Beyond Geography

Tuesday December 4, 2012
07:00 pm

Tags: Event


Part 2




Every story takes places somewhere. But how do authors decide where to set their characters in motion?  How does setting influence character, mood, and action? And what difference does it make if the place is real or imagined? Jennifer Haigh, Hari Kunzru, Sonya Chung, and editor Jennifer Acker discussed the power of place in fiction. Co-sponsored by The Common, a new print literary magazine publishing literature and images with a strong sense of place.

Hari Kunzru is the author of the novels The Impressionist, Transmission, My Revolutions, and Gods Without Men, as well as a short story collection, Noise. His work has been translated into twenty-one languages and won him prizes including the Somerset Maugham award, the Betty Trask prize of the Society of Authors and a British Book Award. He is Deputy President of English PEN, a patron of the Refugee Council and a member of the editorial board of Mute magazine. His short stories and journalism have appeared in diverse publications including The New York Times, Guardian, New Yorker, Washington Post, Times of India, Wired and New Statesman.
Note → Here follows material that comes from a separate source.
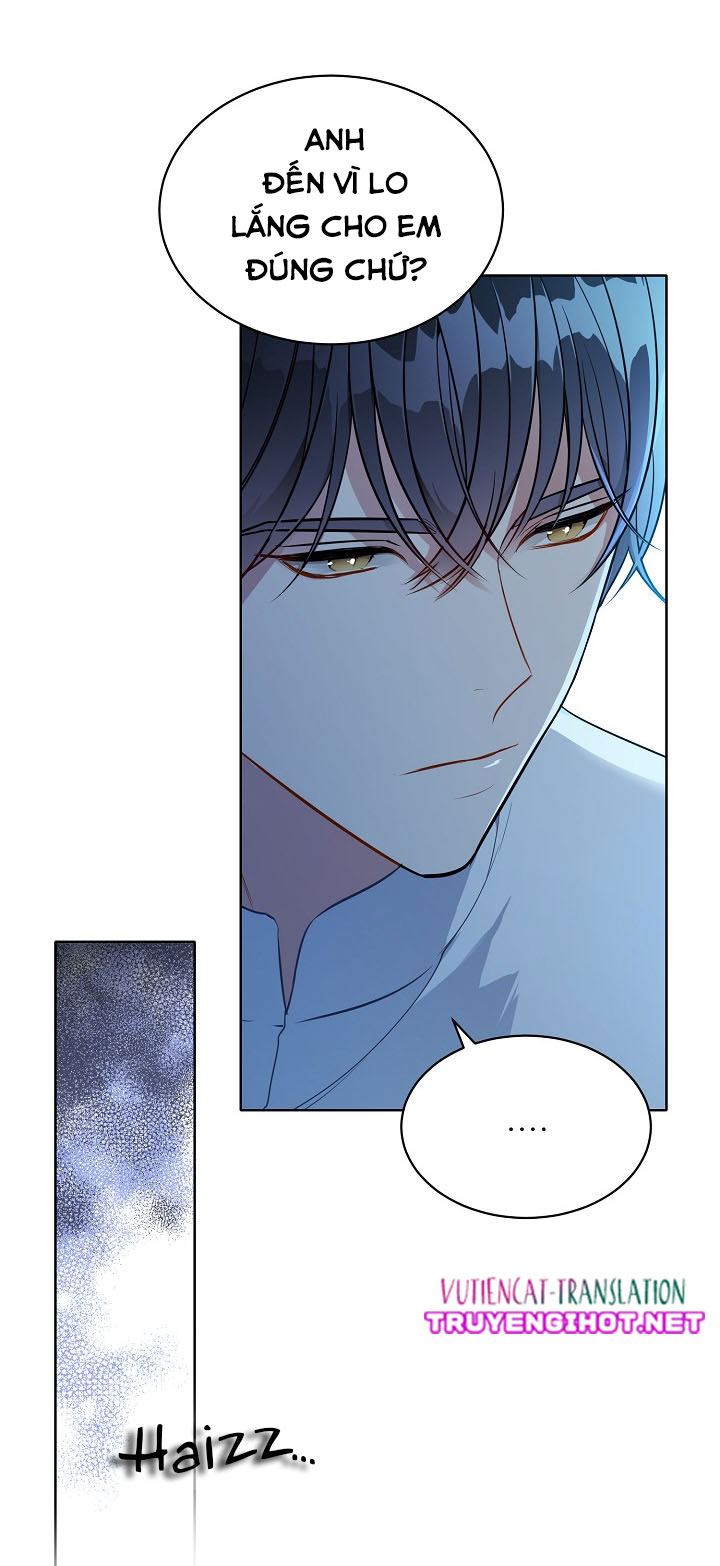 thanh tra của muiella chapter 138 20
Sonya Chung is the author of the novel Long for this World. Her stories, reviews, & essays have appeared in The Threepenny Review, Crab Orchard Review, Tin House, Sonora Review, FiveChapters, and BOMB Magazine, among others. She is a recipient of a Pushcart Prize nomination, the Charles Johnson Fiction Award, and the Bronx Council on the Arts Writers’ Fellowship & Residency. She contributes regularly to the literary blog The Millions and teaches fiction at Columbia University.

Jennifer Haigh is the author of four novels: the New York Times bestsellers Faith and The ConditionBaker Towers, winner of the 2006 PEN/L.L. Winship Award for outstanding book by a New England author; and Mrs. Kimble, which won the PEN/Hemingway Award for debut fiction. Her stories have appeared in the AtlanticGranta, and many other publications, including The Best American Short Stories 2012. A collection, titled News From Heaven, will be published by HarperCollins in February 2013.

Jennifer Acker is the founding editor of The Common, a new print literary magazine based at Amherst College publishing literature and images with a strong sense of place. Her essays, reviews, and translations have been published in Harper’s, The New Inquiry, Publishers Weekly, the San Francisco Chronicle and elsewhere, and her short stories have appeared in literary magazines such as Sonora Review and Ascent. She has taught at Amherst College, and is a Faculty Fellow at New York University, Abu Dhabi, in 2012-13.